Deu-me uma coça tão grande em frente aos polícias que até fiquei envergonhado. "Ó filho, imaginas a nossa vergonha? Ligarem-nos para o trabalho a dizerem para te virmos buscar", dizia a minha mãe
Como era o dia a dia do filho de emigrantes portugueses nos arredores de Paris?
-O que posso dizer? Tive uma adolescência atribulada, mas não tenho vergonha do passado. Vivíamos em Chatou, um bairro dos arredores de Paris que não era fácil. Eu estava lado a lado com a delinquência, a droga ou a violência. Às vezes queríamos vestir uma roupa melhor e tínhamos que roubar. Não me orgulho disso, mas era um facto.
Chegou a andar armado?
-Muitos jovens transmontanos habituavam-se a andar com navalhas desde cedo. Até como utensílio, para andar no campo. E eu, como descendente de transmontanos, também cheguei a andar com uma navalha. Mas ali, ou tinhas algo para te defender ou estavas lixado. Se tivesses umas boas sapatilhas, já sabias que mais tarde ou mais cedo serias assaltado. E eu preferia lixar os outros do que ser eu assaltado. Era assim a realidade em que vivia e não dava para escapar.

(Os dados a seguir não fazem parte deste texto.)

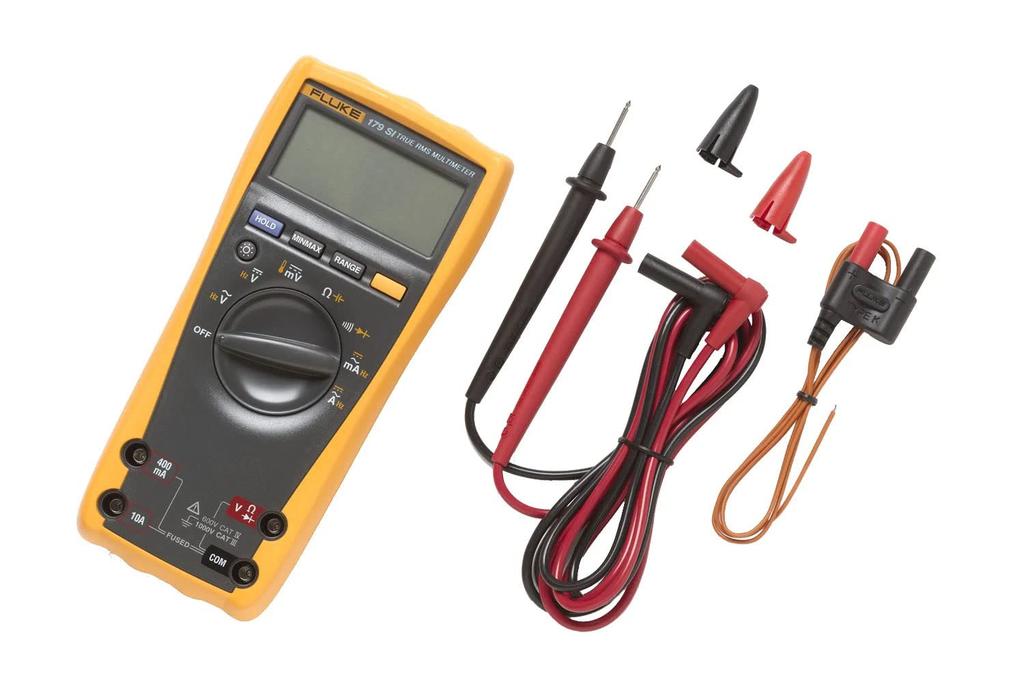 FLUKE True RMS Multimeter (Official Japanese Product) 179/SI
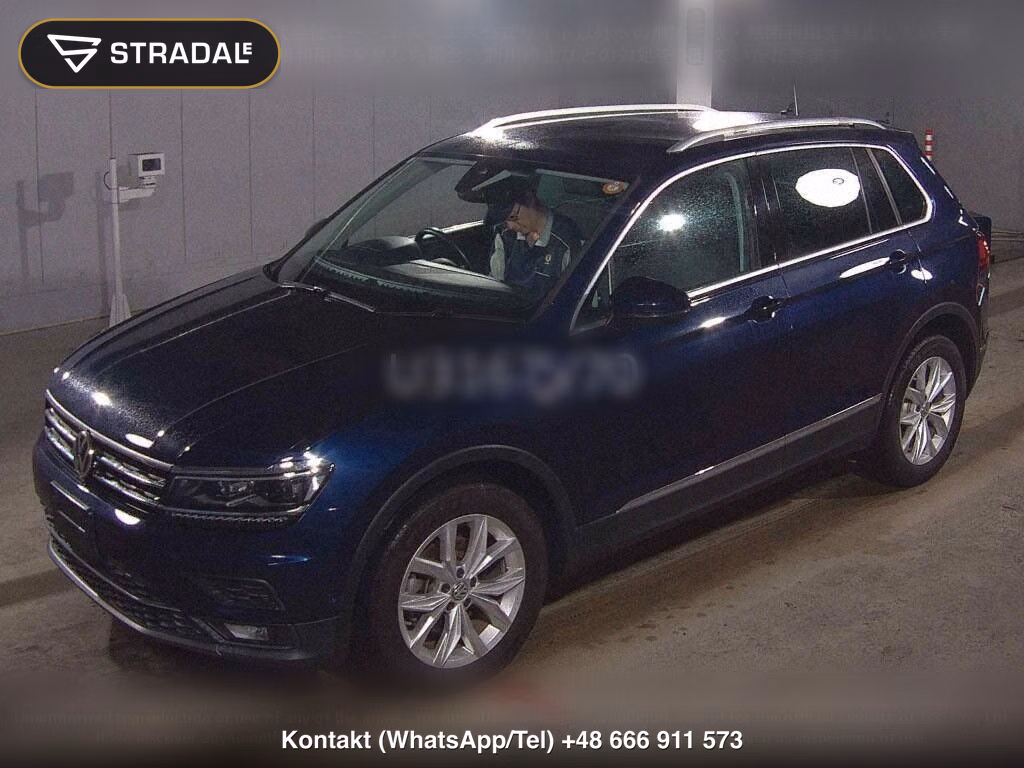 VOLKSWAGEN TIGUAN 4WD TDI 4MOTION R-LINE, miniaturka 5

Alguma vez chegou a ir para a esquadra?
-Sim, uma vez, numa confusão. Meti-me para defender um amigo, mas vieram três contra mim. Eu tinha vindo de férias de Portugal e nessa altura andava com a navalha. E então tirei-a do bolso e houve um que se aleijou.
Mas porque se meteu?
-Estava a sair da escola e quando vi a confusão fui com o sentido de ajudar os amigos. Andei à porrada, fui assaltado, mas também assaltei e até assaltei quem me assaltou. Só quem vivia ali consegue explicar.
Como acabou a história?
- Fui detido. E estava na esquadra quando a minha mãe chegou. Rebentou comigo. Deu-me uma coça tão grande em frente aos polícias que até fiquei envergonhado. "Ó filho, imaginas a nossa vergonha? Ligarem-nos para o trabalho a dizerem para te virmos buscar", dizia a minha mãe. Eu vi o olhar de desgosto deles e não mereciam isso. Acabei em tribunal, mas não fui preso, até porque tive o apoio do PSG e de um empresário.
Mas mudou a sua vida?
-A vergonha que senti no olhar dos meus pais foi o momento mais determinante que tive na vida. Uns dias depois, o meu pai falou olhos nos olhos comigo. Disse-me que tinha que escolher a vida que queria ter. Ou era bandido e nunca mais tinha o apoio deles, ou era jogador e tentava que a família tivesse orgulho em mim. Se fosse assim podia contar com eles para tudo. Os meus pais trabalhavam das cinco das manhã até às oito da noite e eu não podia brincar com o sacrifício deles. A partir desse momento escolhi o meu caminho. Escolhi o que eu gostava, a minha paixão, que era o futebol. E não podia envergonhar os meus pais, por tudo o que eles fizeram por mim.